◆ Source data

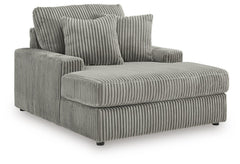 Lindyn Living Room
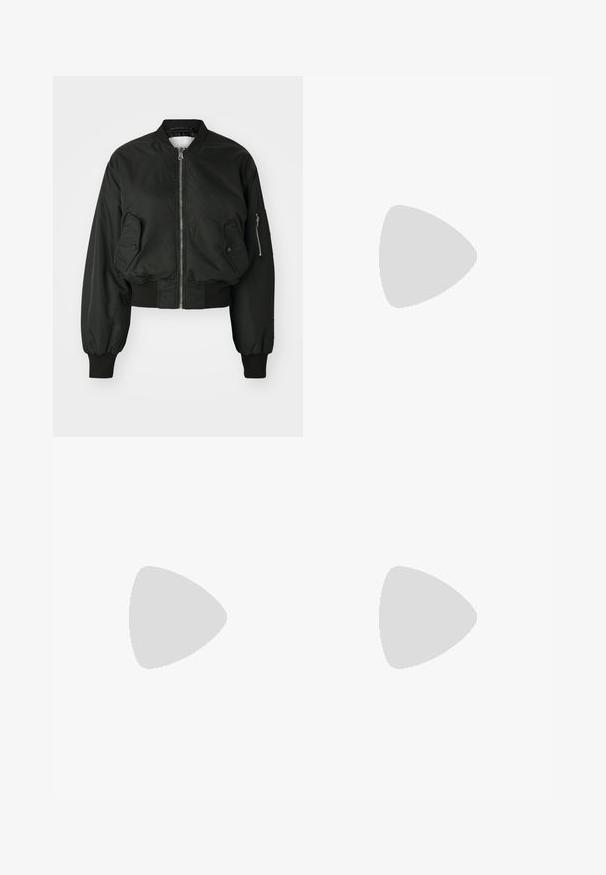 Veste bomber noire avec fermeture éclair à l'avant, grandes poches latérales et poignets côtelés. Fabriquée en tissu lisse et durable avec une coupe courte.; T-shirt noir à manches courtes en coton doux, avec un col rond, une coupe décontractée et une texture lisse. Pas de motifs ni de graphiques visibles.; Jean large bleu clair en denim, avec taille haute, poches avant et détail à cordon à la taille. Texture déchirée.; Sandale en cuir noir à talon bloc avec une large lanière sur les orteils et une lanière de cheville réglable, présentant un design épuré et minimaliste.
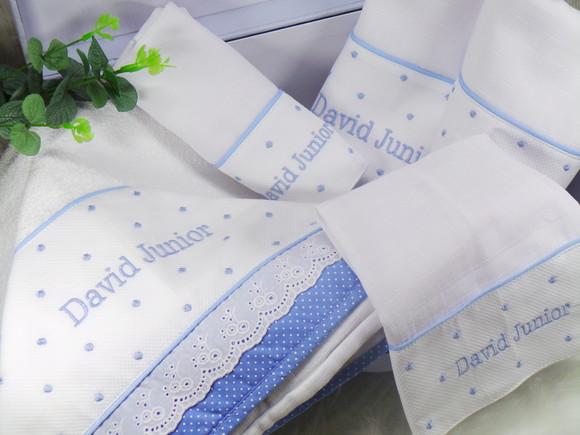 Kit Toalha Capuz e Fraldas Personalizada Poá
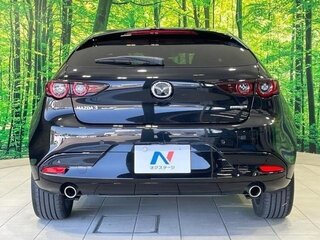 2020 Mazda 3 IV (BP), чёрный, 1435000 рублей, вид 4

◆ What the task asks
All of the material above should be output exactly, with the pictures left behind.

◆ Reply
 Lindyn Living Room
 Veste bomber noire avec fermeture éclair à l'avant, grandes poches latérales et poignets côtelés. Fabriquée en tissu lisse et durable avec une coupe courte.; T-shirt noir à manches courtes en coton doux, avec un col rond, une coupe décontractée et une texture lisse. Pas de motifs ni de graphiques visibles.; Jean large bleu clair en denim, avec taille haute, poches avant et détail à cordon à la taille. Texture déchirée.; Sandale en cuir noir à talon bloc avec une large lanière sur les orteils et une lanière de cheville réglable, présentant un design épuré et minimaliste.
 Kit Toalha Capuz e Fraldas Personalizada Poá
 2020 Mazda 3 IV (BP), чёрный, 1435000 рублей, вид 4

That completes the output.